2021-12-13 11:25:30

by Paolo Bonzini

[permalink] [raw]
Subject: [PATCH 0/2] KVM: x86: Fix dangling page reference in TDP MMU

kvm_tdp_mmu_zap_all is intended to visit all roots and zap their page
tables, which flushes the accessed and dirty bits out to the Linux
"struct page"s. Missing some of the roots has catastrophic effects,
because kvm_tdp_mmu_zap_all is called when the MMU notifier is being
removed and any PTEs left behind might become dangling by the time
kvm-arch_destroy_vm tears down the roots for good.

Unfortunately that is exactly what kvm_tdp_mmu_zap_all is doing: it
visits all roots via for_each_tdp_mmu_root_yield_safe, which in turn
uses kvm_tdp_mmu_get_root to skip invalid roots. If the current root is
invalid at the time of kvm_tdp_mmu_zap_all, its page tables will remain
in place but will later be zapped during kvm_arch_destroy_vm.

To fix this, ensure that kvm_tdp_mmu_zap_all goes over all
roots, including the invalid ones. The easiest way to do so is for
kvm_tdp_mmu_zap_all to do the same as kvm_mmu_zap_all_fast: invalidate
all roots, and then zap the invalid roots. The only difference is that
there is no need to go through tdp_mmu_zap_spte_atomic.

Paolo

Paolo Bonzini (2):
KVM: x86: allow kvm_tdp_mmu_zap_invalidated_roots with write-locked
mmu_lock
KVM: x86: zap invalid roots in kvm_tdp_mmu_zap_all

arch/x86/kvm/mmu/mmu.c | 2 +-
arch/x86/kvm/mmu/tdp_mmu.c | 42 ++++++++++++++++++++------------------
arch/x86/kvm/mmu/tdp_mmu.h | 2 +-
3 files changed, 24 insertions(+), 22 deletions(-)

--
2.31.1



2021-12-13 11:25:34

by Paolo Bonzini

[permalink] [raw]
Subject: [PATCH 2/2] KVM: x86: zap invalid roots in kvm_tdp_mmu_zap_all

kvm_tdp_mmu_zap_all is intended to visit all roots and zap their page
tables, which flushes the accessed and dirty bits out to the Linux
"struct page"s. Missing some of the roots has catastrophic effects,
because kvm_tdp_mmu_zap_all is called when the MMU notifier is being
removed and any PTEs left behind might become dangling by the time
kvm-arch_destroy_vm tears down the roots for good.

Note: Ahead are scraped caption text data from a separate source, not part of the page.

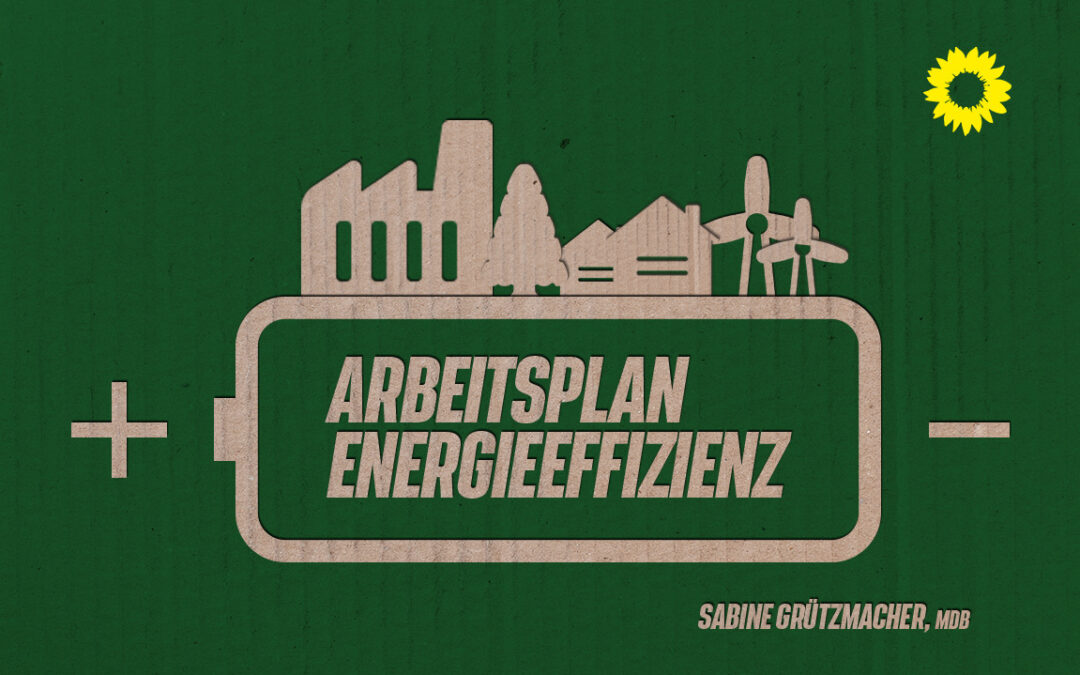 Arbeitsplan zur Energie-Effizienz in Deutschland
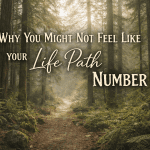 Why you may not feel like your life path number a path through the woods and tall trees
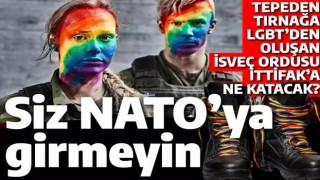 Siz NATO'ya girmeyin daha iyi: Çok renkli İsveç ordusunun LGBT askerleri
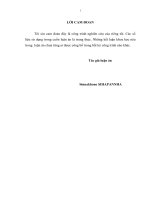 Hoàn thiện hệ thống thông tin tín dụng trong hệ thống ngân hàng Cộng Hòa Dân Chủ Nhân Dân Lào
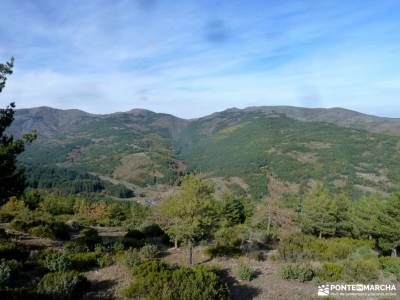 Hayedo Tejera Negra; rutas hoces del duraton; los galayos gredos floración valle del jerte fotos pi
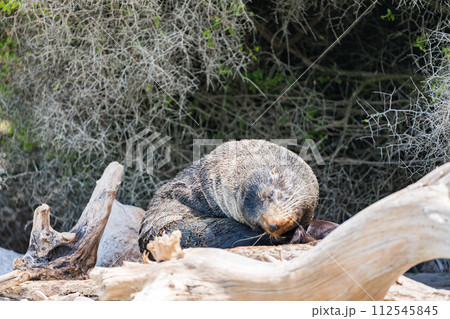 ニュージーランドの海岸にいる野生のアシカ 112545845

Unfortunately that is exactly what kvm_tdp_mmu_zap_all is doing: it
visits all roots via for_each_tdp_mmu_root_yield_safe, which in turn
uses kvm_tdp_mmu_get_root to skip invalid roots. If the current root is
invalid at the time of kvm_tdp_mmu_zap_all, its page tables will remain
in place but will later be zapped during kvm_arch_destroy_vm.

To fix this, ensure that kvm_tdp_mmu_zap_all goes over all roots,
including the invalid ones. The easiest way to do so is for
kvm_tdp_mmu_zap_all to do the same as kvm_mmu_zap_all_fast: invalidate
all roots, and then zap the invalid roots. However, there is no need
to go through tdp_mmu_zap_spte_atomic because there are no running vCPUs.

Fixes: b7cccd397f31 ("KVM: x86/mmu: Fast invalidation for TDP MMU")
Cc: [email protected]
Reported-by: Ignat Korchagin <[email protected]>
Signed-off-by: Paolo Bonzini <[email protected]>
---
arch/x86/kvm/mmu/tdp_mmu.c | 25 +++++++++++++------------
1 file changed, 13 insertions(+), 12 deletions(-)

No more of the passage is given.